About this task: With pictures left out, return only the lines from the line containing "amayawest stripchat live cam model" through the end of the material below, both included.

Data for analysis Block Start

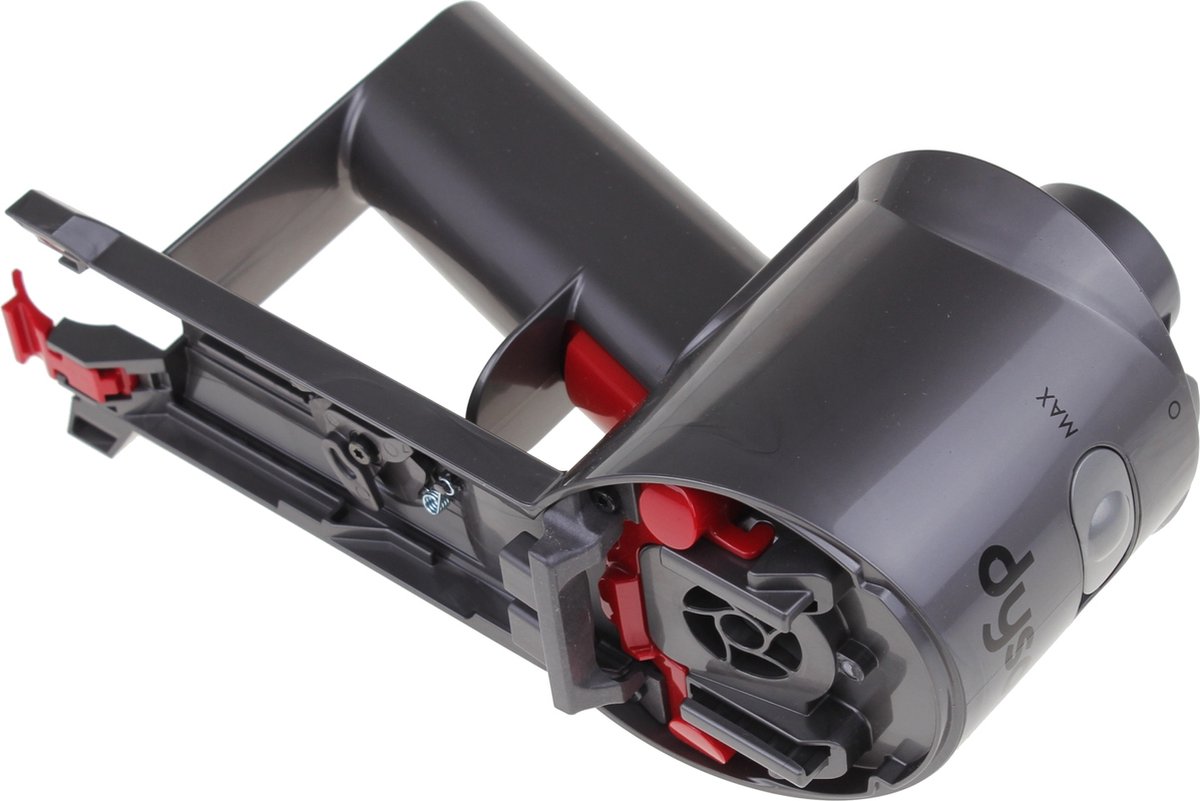 Geschikt voor DYSON SV10 / V8 - Motor met behuizing - 96781201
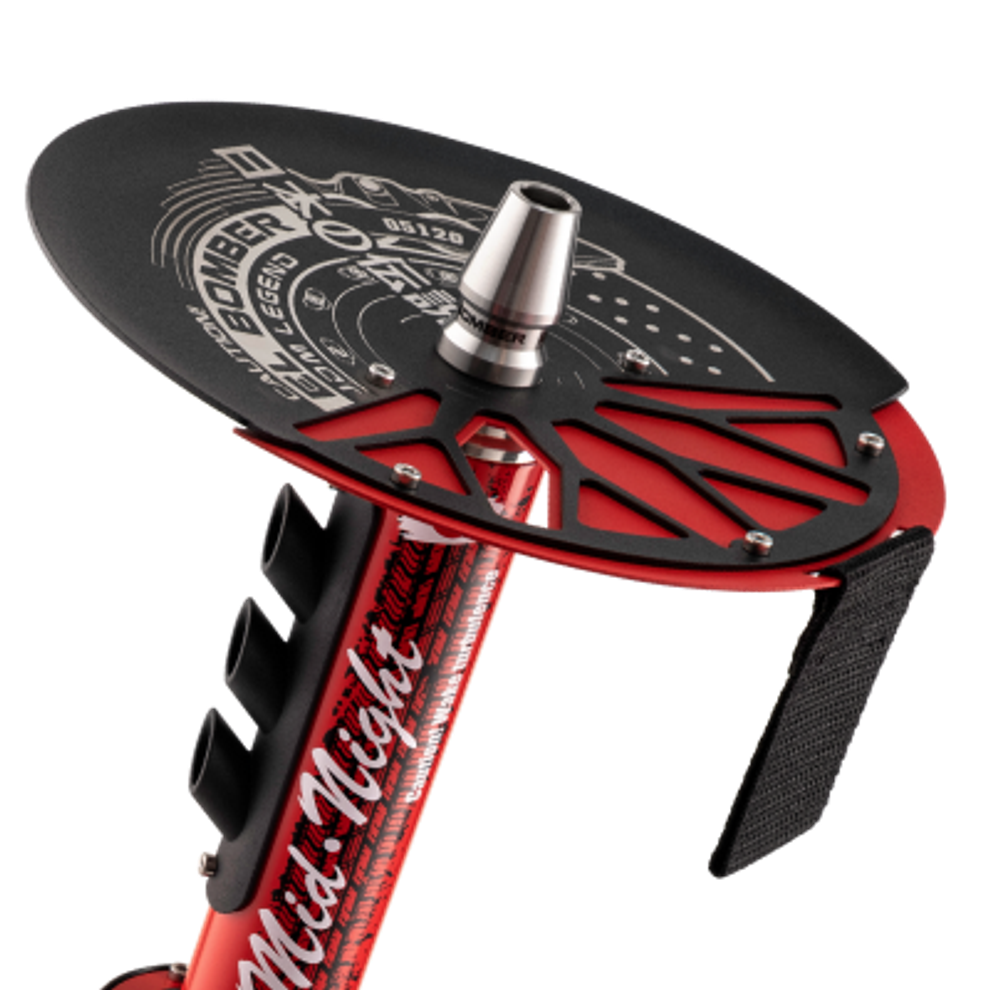 Кальян El Bomber Mid Night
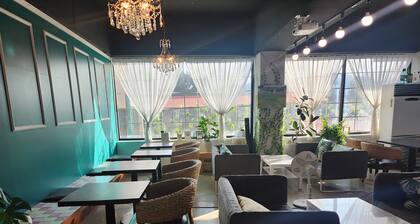 Gunsan La Siesta Hotel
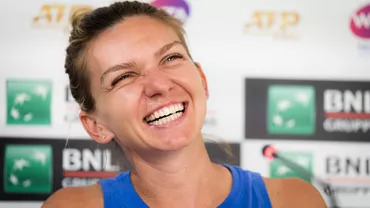 Simona Halep, declarații emoționante despre viitorul copil: Cred că o să depășească orice senzație pe care am avut-o eu în tenis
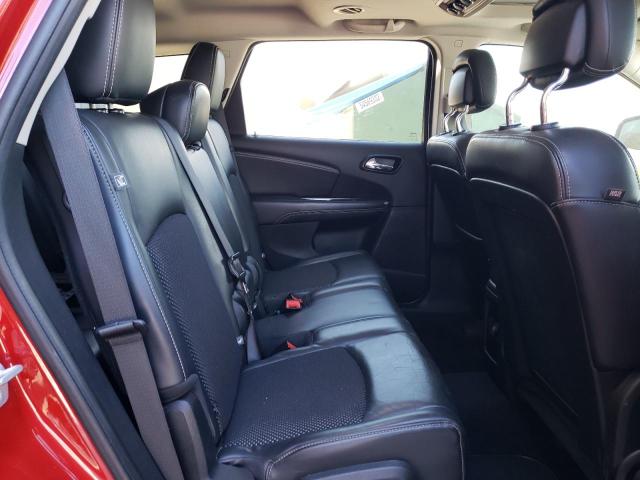 Photo 6 from auction – 2016 DODGE JOURNEY CR with VIN 3C4PDCGG3GT138605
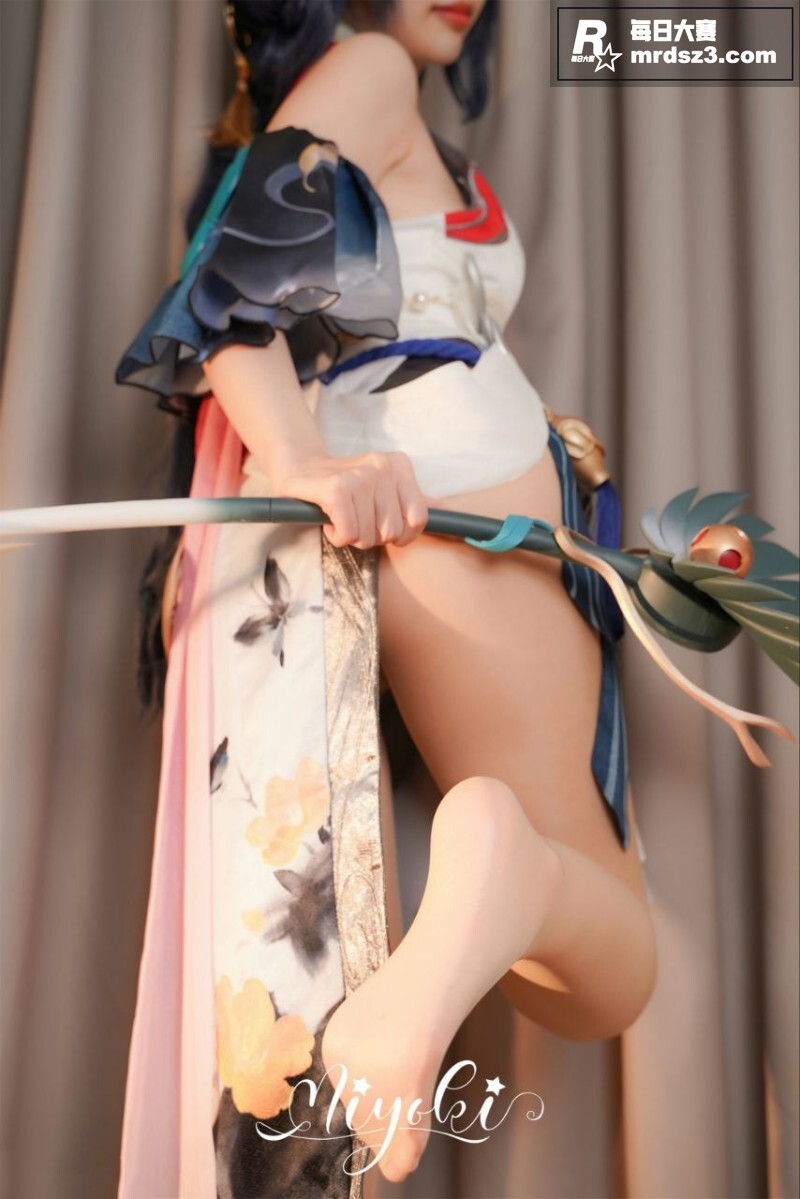 老牌福利姬 铃木美咲相关图片1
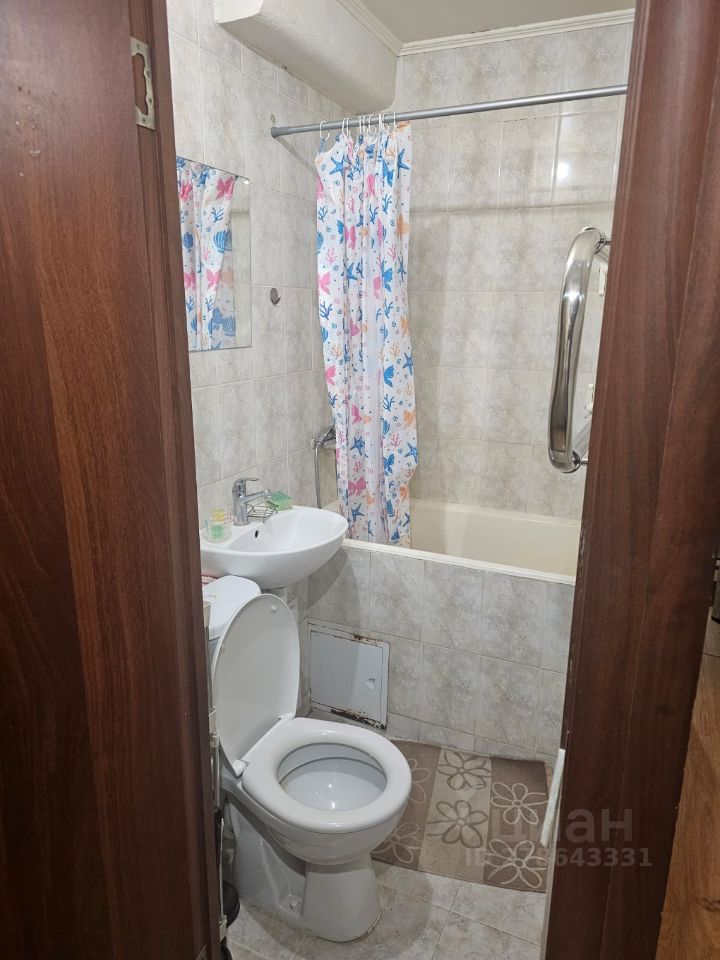 Аренда 1-комн квартиры на вторичном рынке Щелковское шоссе, 45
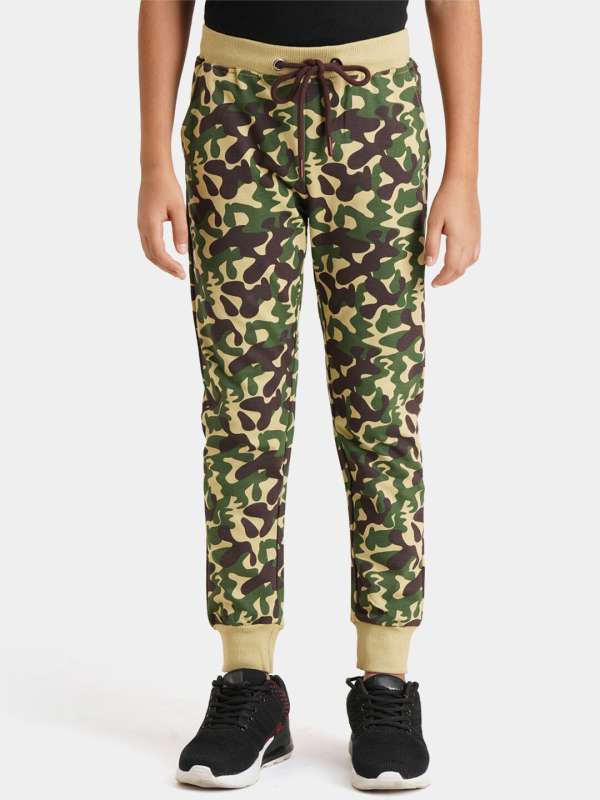 Junior Track Pants Buy Junior Track Pants online in India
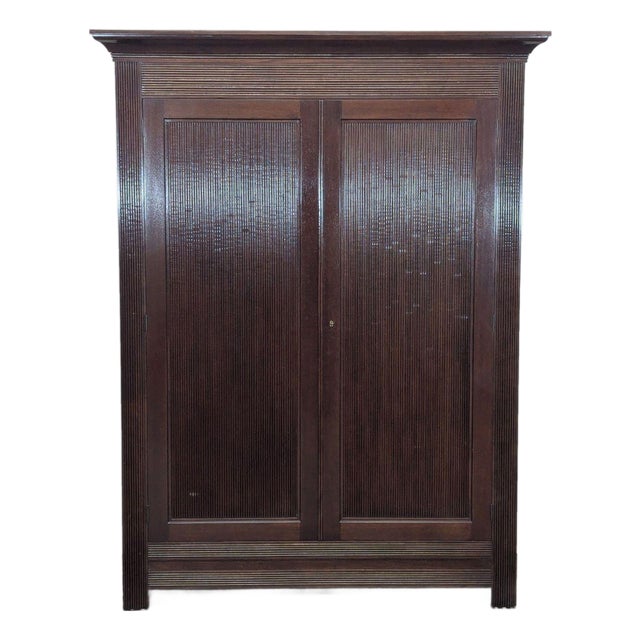 Kerry Joyce Armoire, Attributed For Sale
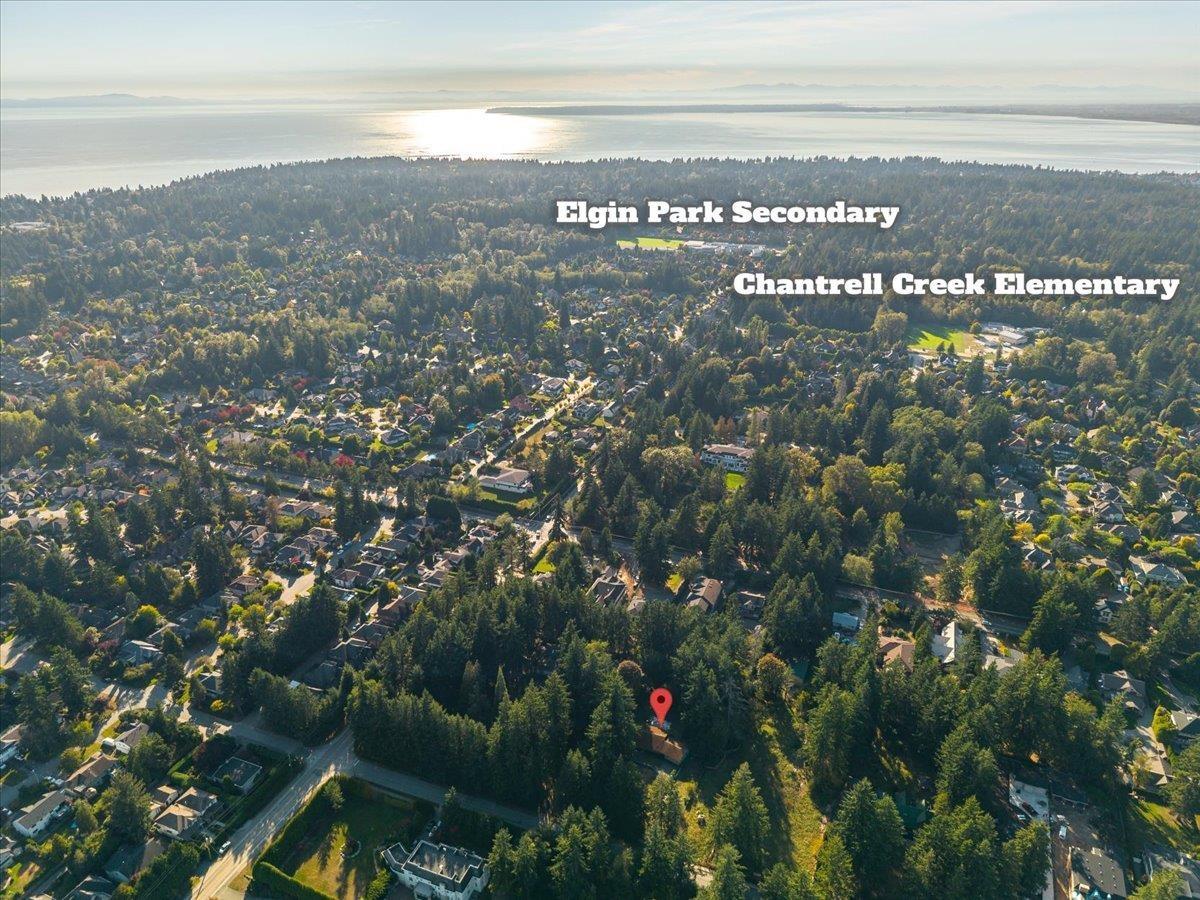 Lt. A 2451 141 Street, Surrey, British Columbia  V4P 2E5 - Photo 5 - R3054487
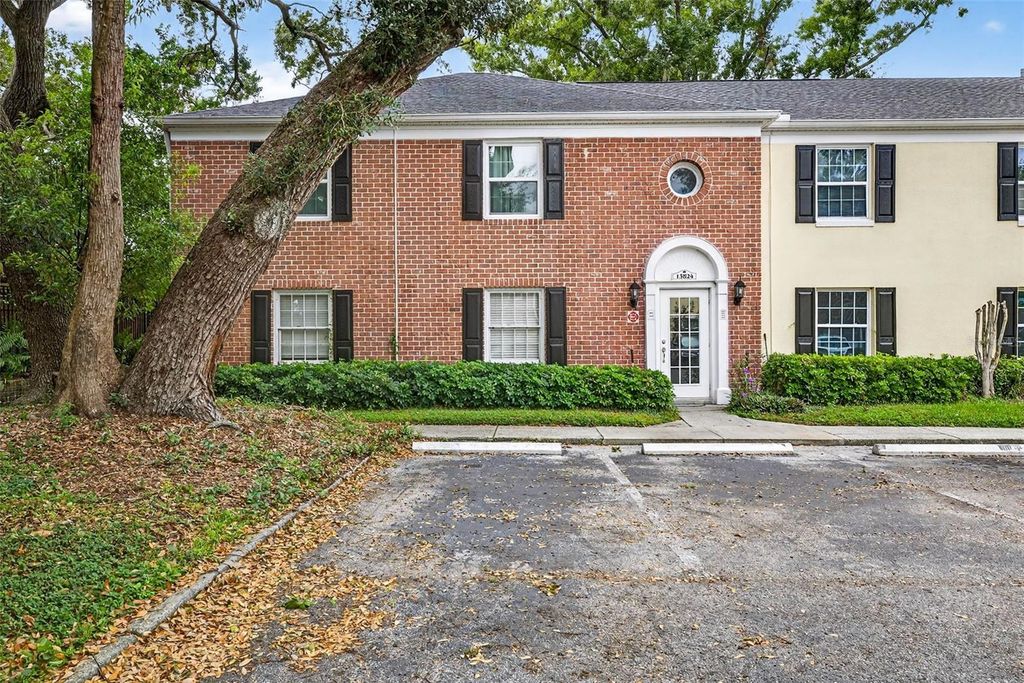 13824 ORANGE SUNSET 202, Tampa, FL 33618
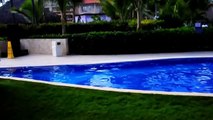 ****CHECK IT OUT!!**** OUR AWESOME SWIM UP SUITE AT MAJESTIC ELEGANCE IN PUNTA CANA, DR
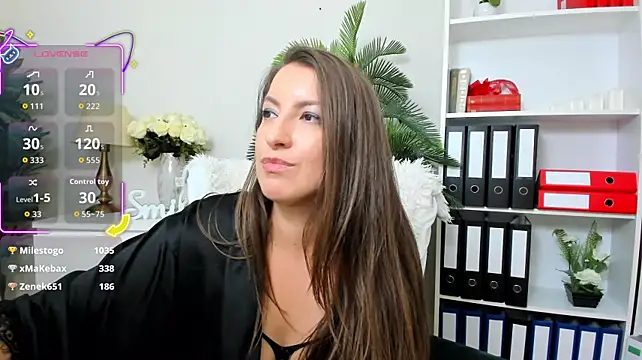 amayawest stripchat live cam model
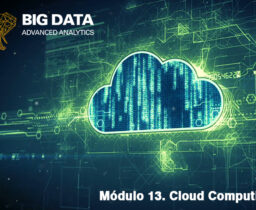 Módulo 13. Cloud Computing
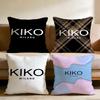 Značka kosmetiky K-Kiko Polštářek Cover pro více scén, na doma i do auta - Oboustranný, Měkký a Odolný pro každodenní použití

Data for analysis Block End

Solution to this exercise:
 amayawest stripchat live cam model
 Módulo 13. Cloud Computing
 Značka kosmetiky K-Kiko Polštářek Cover pro více scén, na doma i do auta - Oboustranný, Měkký a Odolný pro každodenní použití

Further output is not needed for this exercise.